"[01:17.000 --> 01:32.000] Translated by Releska" when using the translate to english. That entire part of the song is instrumental. This line does not appear at all in the original transcribe only in the opus format rip.
It shows up in the yt rip in format 251 (opus), but not in format 140 (aac from youtube), nor the flac rip. All three are giving different results.
The translation quality is tied to bitrate. Same song converted to different words, the only difference being bitrates and formats. Converting my own rip with the same parameters as yt (opus @140 and then @130) didn't allow me to reproduce this error.
The model hung for a solid extra minute at the end when translating to english, the last 90ish seconds of the song took real time 60 seconds, while the entire rest took about 90. The same behavior was not observed with the transcribe.
Some of the english words are incorrect but that was expected. The first Japanese "mistake" I found was "全ては二人の" instead of "すべては ふたりの". With the left being what whisper wrote. A single random word "hey" was transcribed/translated to english even though it's the singer elongating the 園 while singing the 楽園. "落ちてゆく 二人で繋がれた二人のラグ HEY" instead of "落ちていく 鎖でつながれた 二人の楽園" .
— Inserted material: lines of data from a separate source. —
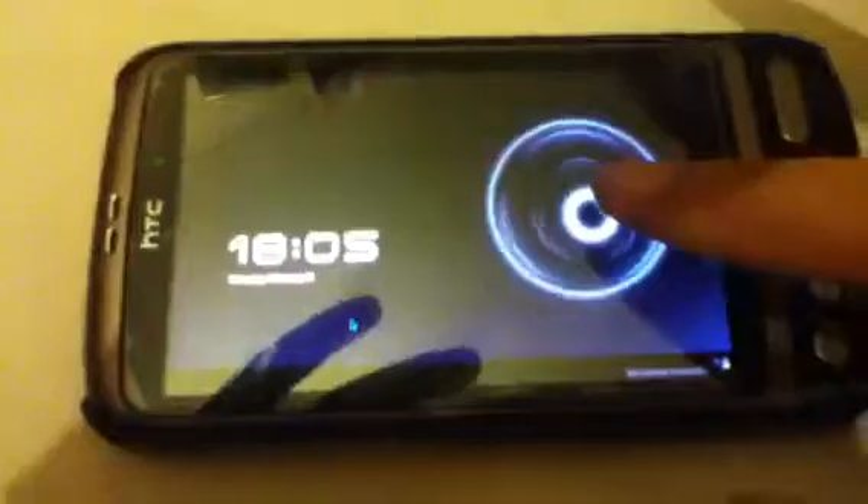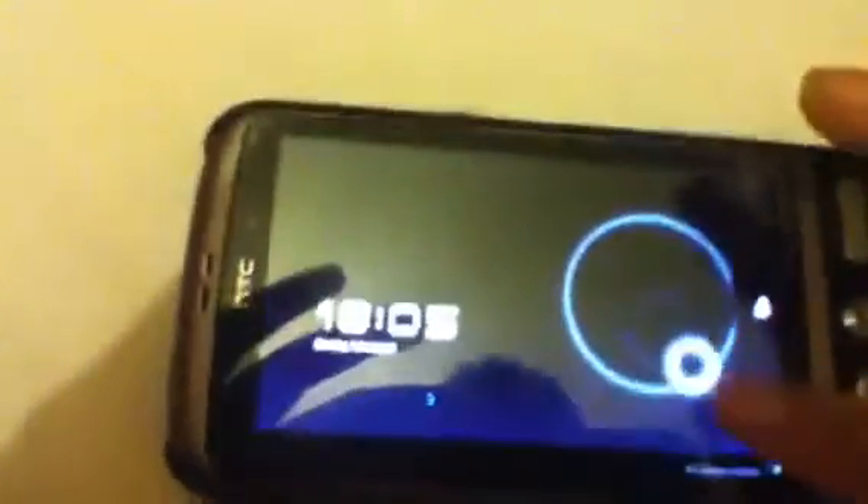If you see at the bottom it says no internet connection, because most rings don't actually work on this ROM. But it has unlocked the device — it's moving that circle, as you can see here.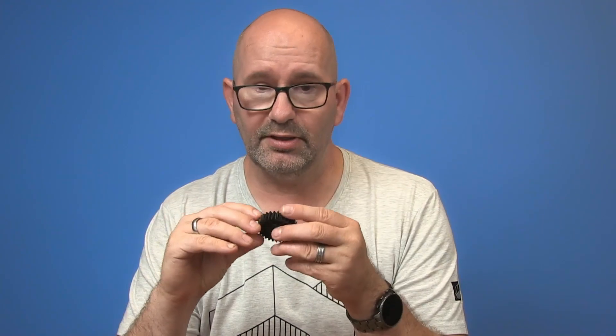The problem is also that it's very expensive. If he buys it from the brand of the lathe, he pays 54 euros for a replacement of this spur gear. When he showed it to my wife, my wife said, 'Well, I think my friend can make something better for you,' so she gave it to me.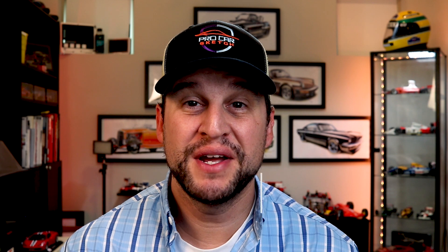Thank you guys for watching, I hope you enjoyed it. Don't forget to hit that subscribe button — any questions or concerns, let me know in the comments below and I'll see you guys next week.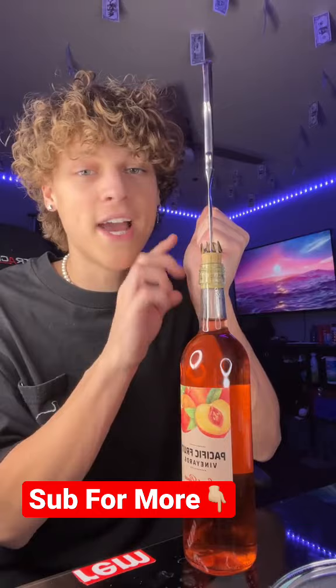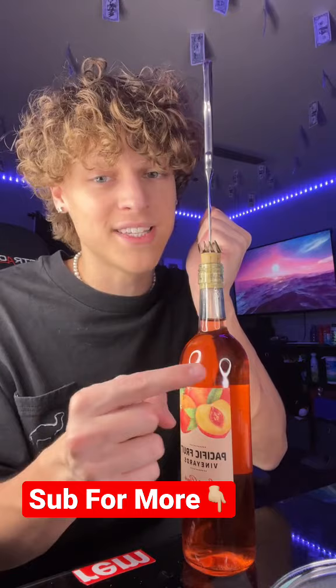I have it set up perfectly according to the video, and now apparently I just twist the fork around the wine bottle and the cork comes out of the bottle.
I am using the official subtitles released on the youtube video.
It's a complex Japanese song with both japanese and english, and the original transcribe took about 20 real time seconds to start with the first line, 130 seconds for the whole song. It seems to be showing results in 20 second window increments, but this seems to depend on what it considers audio and what it is throwing away.
On my computer I wasn't able to use the large model because I ran out of VRAM, I have 8gb, not sure how much more it'd require. So I ran it with medium.
The song is False Sympathy by Mondo Grosso. The mv is suggestive, in case that matters. I grabbed a fresh audio rip from Youtube because I didn't want to take it out of my cd case.
https://www.youtube.com/watch?v=B6Y-WsgpzlQ
It is translating this version differently from the director's cut version. I ripped both as opus.
There is something weird about how it is handling the opus encoded version, as I find the same "Translated by Releska" in a wav version transcoded from the opus.